ステロイド外用剤(短期的には確実に湿疹を抑えてくれます)を使用した場合に比べて、自然治癒傾向がどう違うのか、を確認するのが目的の一つなので、別の先生方が既に行っていたステロイド外用剤を用いた6ヶ月調査のスキームになるべく合わせて評価しました。その結果、とくに成人の重症例においては、ステロイドをまったく用いないほうが改善しやすいこともわかりました。

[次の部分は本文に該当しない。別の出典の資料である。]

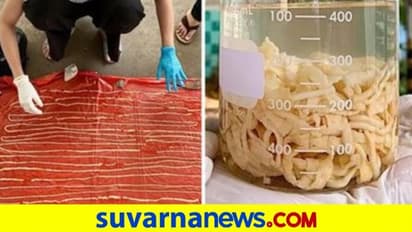 ಗ್ಯಾಸ್ಟ್ರಿಕ್ ಪ್ರಾಬ್ಲೆಂ: ವ್ಯಕ್ತಿಯ ಗುದನಾಳದಲ್ಲಿತ್ತು 18 ಮೀಟರ್ ಉದ್ದದ ಲಾಡಿಹುಳ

画期的な話だと思うので、注意喚起のためにこちらのブログでも紹介しておきます。有志の方、SNSなどで拡散して下さい。ボタンは一番下のほうにあります。よろしくお願いいたしますm(_ _)m。アトピー性皮膚炎にステロイド外用剤を用いる場合には、一時的な短期使用にとどめて、長期連用を避けるべきです。ステロイド外用剤依存(Topical steroid addiction)という、治療薬であるはずのステロイド自身が疾患を難治化させてしまっているという状況に、本人も医師も気付かないうちに陥っていることがあります。
 
さて、私がアトピー性皮膚炎の診療から離れた理由の話に戻りますが、自然治癒傾向のある疾患と言うのは、私のようなタイプの医者にとっては、やりがいを感じにくいです。

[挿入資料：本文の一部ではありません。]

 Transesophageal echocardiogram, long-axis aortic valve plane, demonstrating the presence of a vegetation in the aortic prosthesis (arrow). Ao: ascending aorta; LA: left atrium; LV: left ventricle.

患者は不安ですから、寄り添ってあげれば感謝はされるし、変な話、自分が治したかのように装うことだって出来ます。しかし真実はそうではありません。
 
それに比べると、プチ整形または美容外科と言うのは、はっきり自分の行った医療行為の結果が現れる仕事です。それも超短期に。その点が、自分にとって心地よいし、作品(お客様をこう表現しても失礼ではないと思います)が上手に仕上がると、私自身とても幸せになります。
 
下は、口周りの小じわをヒアルロン酸注射で埋めたところです。左が施術前で右が半年後です。細かくチクチクと打ってしわを埋めていくので、手間はかかりますが、自分がしただけの結果が必ず出ます。胸を張ってお代金の請求ができます(笑)。自然治癒傾向のある疾患じゃ、「神が治して医者が代金を受け取る(God heals and the doctor takes the fee. 英語の諺です)」そのまんまですから。